Pode-se dizer então que o livro “Jenipapo no ponto”, que será lançado em conjunto com a obra “Menos olhos, menos chuva” e “Grãos de loucura” (poesia e novela), tem tudo para ser o meu último romance e, se assim se der, posso afirmar que energias benfazejas que governam a humanidade me conduziram a um desfecho sublime e glorioso, pois o livro tem como tema básico a vida de minha mãe – dentro de uma narrativa literária recheada de adereços e muitas pinceladas de ficção, homenageando aquela mulher que foi a primeira pessoa (neste vasto e pequeno mundo) a estender a mão ao dom da arte da palavra escrita com o qual nasci.
Desde o dia em que encontrou os meus primeiros poeminhas de criança debaixo do colchão da cama em que eu dormia, minha mãe Betty passou a me proteger e apoiar. Depois, quando lancei meus dois primeiros livros (no ano de 1977), ela se colocou ao meu lado, ajudando-me a vender livros de porta em porta. Assim, se o livro “Jenipapo no ponto” for mesmo o meu último romance, eu posso concluir que o acaso premiou a minha carreira de escriba menor com majestoso desfecho.
Por muitas vezes ouvi o meu saudoso amigo advogado José Magela do Couto, ganhando ou perdendo demandas junto aos tribunais, repetir “combati o bom combate”, então em idêntico feitio eu fiz da poesia, da literatura e do jornalismo a minha batalha renhida, mas me ponho agora na torcida para que surjam outros persistentes combatentes de estirpe idealista, cônscios de que, como escrevi no romance “Jardim de corpos”: Temos o dever de fazer render os talentos e os dons que Deus nos concedeu. Não os podemos deixar ociosos ou desperdiçá-los em vão.
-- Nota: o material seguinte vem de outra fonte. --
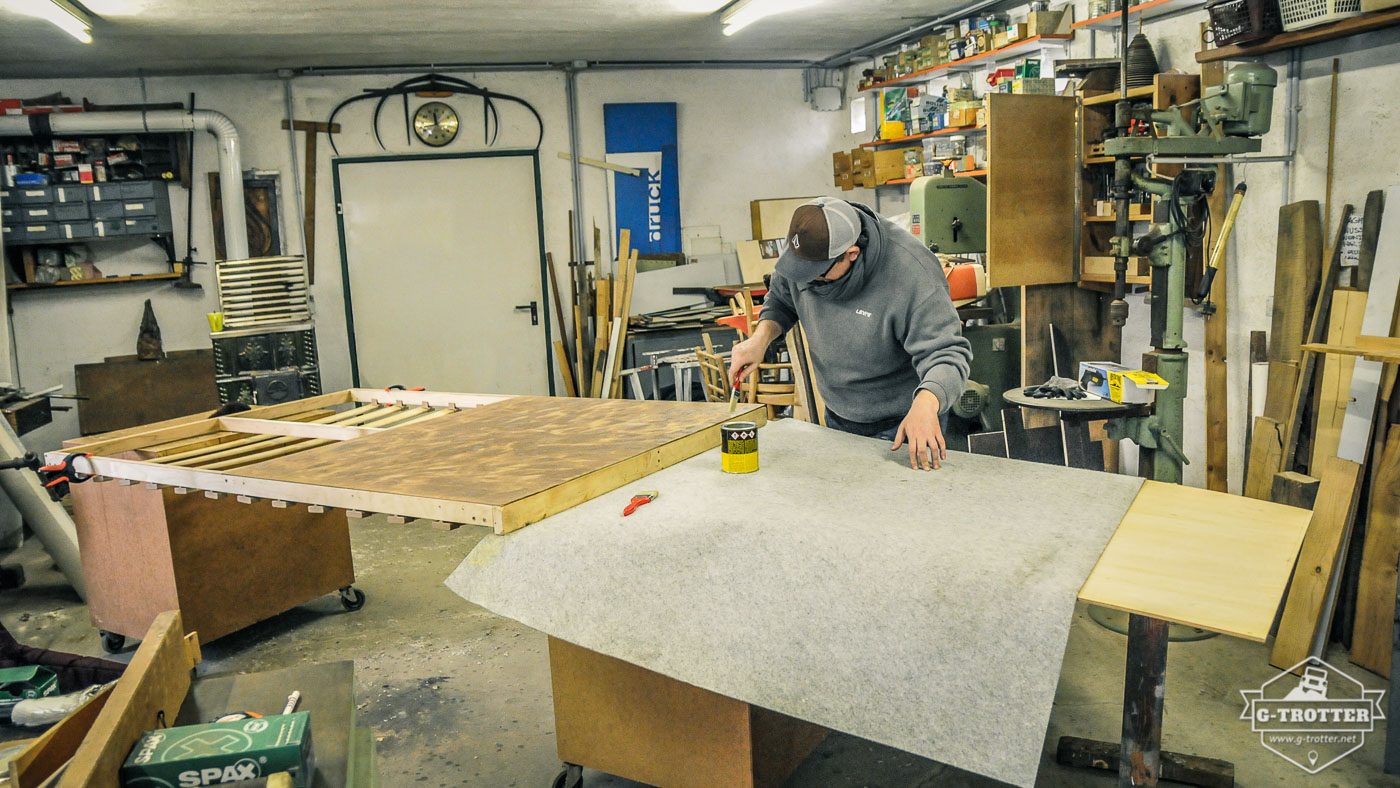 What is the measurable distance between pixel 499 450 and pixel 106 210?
5069mm

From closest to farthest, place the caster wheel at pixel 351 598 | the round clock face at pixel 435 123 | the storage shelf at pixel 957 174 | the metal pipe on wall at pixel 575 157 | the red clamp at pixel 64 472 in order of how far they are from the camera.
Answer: the red clamp at pixel 64 472
the caster wheel at pixel 351 598
the storage shelf at pixel 957 174
the round clock face at pixel 435 123
the metal pipe on wall at pixel 575 157

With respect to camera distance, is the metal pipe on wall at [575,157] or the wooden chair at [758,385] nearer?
the wooden chair at [758,385]

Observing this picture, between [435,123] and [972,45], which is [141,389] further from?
[972,45]

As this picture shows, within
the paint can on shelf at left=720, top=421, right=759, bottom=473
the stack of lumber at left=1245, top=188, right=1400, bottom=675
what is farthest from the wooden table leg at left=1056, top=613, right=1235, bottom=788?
the stack of lumber at left=1245, top=188, right=1400, bottom=675

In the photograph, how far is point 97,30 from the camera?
16.3ft

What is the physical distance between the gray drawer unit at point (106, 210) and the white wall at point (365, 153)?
42cm

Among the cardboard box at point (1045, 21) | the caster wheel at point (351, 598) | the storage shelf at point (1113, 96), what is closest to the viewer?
the caster wheel at point (351, 598)

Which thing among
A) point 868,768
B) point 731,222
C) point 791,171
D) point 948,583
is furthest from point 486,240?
point 948,583

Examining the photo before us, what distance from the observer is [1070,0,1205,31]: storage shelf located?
396 centimetres

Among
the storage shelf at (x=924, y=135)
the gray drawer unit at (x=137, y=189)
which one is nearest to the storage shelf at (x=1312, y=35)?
the storage shelf at (x=924, y=135)

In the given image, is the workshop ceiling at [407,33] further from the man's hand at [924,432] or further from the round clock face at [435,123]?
the man's hand at [924,432]

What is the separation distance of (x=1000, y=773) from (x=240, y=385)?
211 inches

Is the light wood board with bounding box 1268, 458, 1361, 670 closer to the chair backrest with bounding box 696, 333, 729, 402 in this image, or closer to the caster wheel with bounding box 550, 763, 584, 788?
the caster wheel with bounding box 550, 763, 584, 788

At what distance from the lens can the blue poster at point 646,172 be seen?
7137mm
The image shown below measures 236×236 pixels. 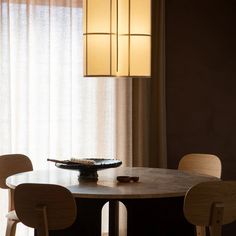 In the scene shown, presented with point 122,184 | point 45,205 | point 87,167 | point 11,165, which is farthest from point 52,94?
point 45,205

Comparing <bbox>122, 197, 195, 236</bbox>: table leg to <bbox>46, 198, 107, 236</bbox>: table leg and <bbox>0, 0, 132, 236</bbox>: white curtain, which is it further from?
<bbox>0, 0, 132, 236</bbox>: white curtain

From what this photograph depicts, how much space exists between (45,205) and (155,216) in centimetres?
74

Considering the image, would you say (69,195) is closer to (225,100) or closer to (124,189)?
(124,189)

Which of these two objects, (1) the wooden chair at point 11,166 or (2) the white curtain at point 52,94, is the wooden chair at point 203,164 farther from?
(1) the wooden chair at point 11,166

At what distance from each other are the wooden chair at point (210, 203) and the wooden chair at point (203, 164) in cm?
124

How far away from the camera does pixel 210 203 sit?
291 cm

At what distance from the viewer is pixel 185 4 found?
5113 millimetres

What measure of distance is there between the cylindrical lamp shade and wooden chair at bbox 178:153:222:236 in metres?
1.10

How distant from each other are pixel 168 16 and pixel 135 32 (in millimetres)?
1714

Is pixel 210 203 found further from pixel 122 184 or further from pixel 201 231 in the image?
pixel 201 231

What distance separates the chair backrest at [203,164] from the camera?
4188 mm

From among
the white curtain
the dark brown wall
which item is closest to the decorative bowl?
the white curtain

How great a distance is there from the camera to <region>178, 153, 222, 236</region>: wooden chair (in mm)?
4188

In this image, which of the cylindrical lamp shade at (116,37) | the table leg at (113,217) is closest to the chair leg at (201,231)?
the table leg at (113,217) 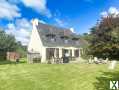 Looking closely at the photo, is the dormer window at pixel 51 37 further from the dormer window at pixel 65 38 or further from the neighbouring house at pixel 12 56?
the neighbouring house at pixel 12 56

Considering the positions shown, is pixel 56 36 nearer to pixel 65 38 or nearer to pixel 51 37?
pixel 51 37

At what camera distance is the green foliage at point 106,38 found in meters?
11.5

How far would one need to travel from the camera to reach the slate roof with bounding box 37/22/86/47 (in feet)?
137

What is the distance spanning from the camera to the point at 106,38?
39.4ft

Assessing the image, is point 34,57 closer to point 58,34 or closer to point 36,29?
point 36,29

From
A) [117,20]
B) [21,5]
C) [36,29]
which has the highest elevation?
[21,5]

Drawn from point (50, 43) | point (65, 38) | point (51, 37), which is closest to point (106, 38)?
point (50, 43)

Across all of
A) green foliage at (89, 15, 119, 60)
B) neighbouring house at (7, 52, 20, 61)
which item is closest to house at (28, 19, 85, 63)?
neighbouring house at (7, 52, 20, 61)

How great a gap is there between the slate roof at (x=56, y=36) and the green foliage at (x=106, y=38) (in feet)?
85.8

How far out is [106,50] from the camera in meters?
12.0

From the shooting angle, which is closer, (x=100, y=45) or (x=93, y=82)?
(x=100, y=45)

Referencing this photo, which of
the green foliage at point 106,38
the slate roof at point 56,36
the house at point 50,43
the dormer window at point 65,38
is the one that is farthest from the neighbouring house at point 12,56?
the green foliage at point 106,38

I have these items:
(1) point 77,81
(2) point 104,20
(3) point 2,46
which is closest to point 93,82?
(1) point 77,81

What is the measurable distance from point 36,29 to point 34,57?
5553 mm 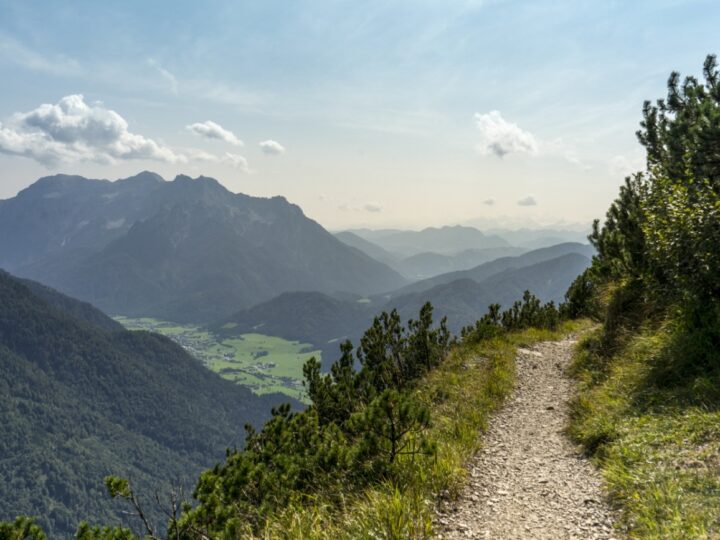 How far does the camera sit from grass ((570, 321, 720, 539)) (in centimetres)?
543

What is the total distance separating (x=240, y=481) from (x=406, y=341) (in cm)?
1151

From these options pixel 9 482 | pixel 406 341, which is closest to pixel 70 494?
pixel 9 482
Dizia minha mãe que todos nós devemos saber a hora de ir para casa. E eu não tenho sequer do que reclamar, pois poderei continuar me expressando (e em contato com o público) por intermédio de meu site, evitando a aventura cada vez mais arriscada e onerosa da produção de livros, em decorrência de minha condição de autor aposentado pela previdência pública e, portanto, perseguido em dose dupla pelo governo: tanto por ser “velho”, quanto pela ousadia da lida na área cultural.